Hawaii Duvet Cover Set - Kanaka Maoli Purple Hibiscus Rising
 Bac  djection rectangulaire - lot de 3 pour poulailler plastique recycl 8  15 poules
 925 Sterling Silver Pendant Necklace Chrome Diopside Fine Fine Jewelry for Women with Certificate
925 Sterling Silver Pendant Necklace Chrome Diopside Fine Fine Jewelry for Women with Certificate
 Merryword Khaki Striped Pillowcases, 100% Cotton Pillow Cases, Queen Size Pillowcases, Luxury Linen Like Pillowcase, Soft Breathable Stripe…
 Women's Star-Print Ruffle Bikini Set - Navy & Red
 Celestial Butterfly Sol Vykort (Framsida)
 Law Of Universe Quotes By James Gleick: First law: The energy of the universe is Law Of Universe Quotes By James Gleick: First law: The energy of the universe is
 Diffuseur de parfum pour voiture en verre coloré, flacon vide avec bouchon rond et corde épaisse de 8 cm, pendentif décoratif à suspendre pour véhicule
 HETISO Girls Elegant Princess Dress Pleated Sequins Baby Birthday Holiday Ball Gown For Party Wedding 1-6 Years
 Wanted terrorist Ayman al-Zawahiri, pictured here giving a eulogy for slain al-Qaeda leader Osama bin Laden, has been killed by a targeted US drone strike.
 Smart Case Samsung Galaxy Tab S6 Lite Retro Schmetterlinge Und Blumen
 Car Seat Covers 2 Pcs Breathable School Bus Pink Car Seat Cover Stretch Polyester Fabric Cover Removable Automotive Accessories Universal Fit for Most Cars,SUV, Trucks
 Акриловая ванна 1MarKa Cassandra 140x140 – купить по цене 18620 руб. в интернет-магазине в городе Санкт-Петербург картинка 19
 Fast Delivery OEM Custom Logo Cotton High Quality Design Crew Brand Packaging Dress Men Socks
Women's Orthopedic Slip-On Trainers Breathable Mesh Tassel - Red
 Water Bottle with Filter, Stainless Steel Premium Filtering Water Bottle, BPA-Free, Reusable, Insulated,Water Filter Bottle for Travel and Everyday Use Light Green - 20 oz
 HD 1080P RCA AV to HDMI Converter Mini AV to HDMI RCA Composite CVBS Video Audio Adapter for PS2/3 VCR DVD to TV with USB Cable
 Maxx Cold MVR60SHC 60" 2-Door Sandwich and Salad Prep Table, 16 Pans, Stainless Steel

_Problem to solve_
Beginning with the line that contains "HD 1080P RCA", quote each line exactly through the last line of the entries above, and nothing beyond them.

_Task response_
 HD 1080P RCA AV to HDMI Converter Mini AV to HDMI RCA Composite CVBS Video Audio Adapter for PS2/3 VCR DVD to TV with USB Cable
 Maxx Cold MVR60SHC 60" 2-Door Sandwich and Salad Prep Table, 16 Pans, Stainless Steel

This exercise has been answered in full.